According to Der Spiegel, VW and the state of Lower Saxony set Wiedeking a deadline. If he doesn’t accept the offer by Monday, Porsche’s already dire financial situation will become untenable.
The joint ultimatum goes like this: VW buys 49 percent of the Porsche AG for anywhere between €3 and €4 billion. The money goes to the Porsche Holding, of which Piech owns a good chunk. As a next step, the Emir of Qatar will buy the options for 25 percent of VW stock, which are held by the Porsche Holding. Then, VW and Porsche will merge.
When everything is said and done, the Porsche/Piech families will end up owning more than 40 percent of VW-Porsche, Lower Saxony will keep its 20 percent, Quatar will have 15 percent, another unnamed sovereign wealth fund (any guesses?) will hold five percent. Less than 20 percent will be publicly traded, which should keep the stock scarce and high.
This plan is the joint work product of VW CEO Martin Winterkorn, VW CFO Hans Dieter Pötsch, Lower Saxony’s Premier Christian Wulff and of course Ferdinand Piech. Der Spiegel didn’t name sources for the story. The details of the transaction are fine grained. There must be a big leak in the executive washroom on the top floor of the Volkswagen Hochhaus.
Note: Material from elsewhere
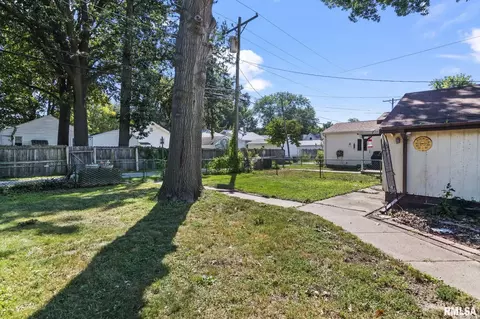 Exterior - 2036 N 7th St, Springfield, IL 62704 photo 3 of 6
What if Wiedeking says no? Will he find the head of a horse in his bed? This is Germany, and the dealings are more subtle: If he says no, VW will recall its €700 million loan they had given Porsche last March to save them from bankrutptcy.
Should it come to that, the Emir of Qatar will walk. He made clear that he’s only interested in a Porsche-VW company where the owners share a common goal and are off each others’ throats. With the Emir gone and the loan recalled, Porsche AG (the car company) is DOA. If Wiedeking gives in, his job is DOA.
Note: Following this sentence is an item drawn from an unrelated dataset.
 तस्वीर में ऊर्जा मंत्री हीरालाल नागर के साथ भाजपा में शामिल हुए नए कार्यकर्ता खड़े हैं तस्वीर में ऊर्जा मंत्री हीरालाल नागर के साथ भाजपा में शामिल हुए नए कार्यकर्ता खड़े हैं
The story jibes with the information collected by the Süddeutsche Zeitung. Bankers told the SZ that Qatar has its eyes on big Volkswagen. They were only talking to little Porsche to get their hands on the VW options. To sweeten the deal, Qatar could deliver a chopped head to Wolfsburg: Wiedeking’s. Qatar doesn’t want to “fight with Wiedeking against the rest of the world.” To win over Piech and Lower Saxony, Wiedeking has to go. Judging from the ultimatum, Piech, Lower Saxony, and Quatar are already in agreement.
There is no other white knight that may ride to Porsche’s rescue. Daimler was rumored to be interested. Today, Daimler’s Zetsche gave Die Welt an interview and Porsche the cold shoulder: “If we would be interested in Porsche, we would tell them.” And: “Porsche is closely integrated with Volkswagen’s activities. It doesn’t make sense contemplating to replace this integration with another one.”
Zetsche also intimated that Porsche had leaked the possible link-up with Daimler: “I can understand that spinning the same story again and again can get boring. One likes to drop other names.” In other words: Porsche, get lost. Daimler has its own problems.
So what’s left for Porsche? All they can do is fume.
“Porsche’s chairman is furious with Volkswagen AG. Wolfgang Porsche said in a statement Saturday that the sports car maker would not be “blackmailed” into a merger with VW,” Automotive News [sub] writes.
More than miffed, Wolfgang Porsche flames in the direction of Wolfsburg:
We are deeply concerned and irritated by the wording of the ultimatum. The 21st century is not the time for ultimatums. We wonder what the whole matter is really about and whether the focus is still on our common cause at all.
We will not give in to such pressure or blackmail. Such action does not help anybody. It is detrimental to the entire cause. This is not the way to support and uphold common interests.
We sincerely hope that the perpetrators of the ultimatum, in consideration of our common interests, calm down again and follow up their proposals in internal discussions and not through headlines. We are open to such talks at any time.
The missileve was co-signed by Uwe Hück, Wolfgang Porsche’s deputy on the board and representative of the worker’s council. Workers and managers, unite! They must have been close to tears when they wrote this. All smugness is gone. The strongly worded protest confirms that Der Spiegel has its details right.
On Friday, Porsche had bragged it was close to reaching a deal with Qatar. At the same time, Qatar, Piech, and Lower Saxony got a little cozier. Now, all that’s left to Porsche is to whine and to invoke noble principles. It won’t work.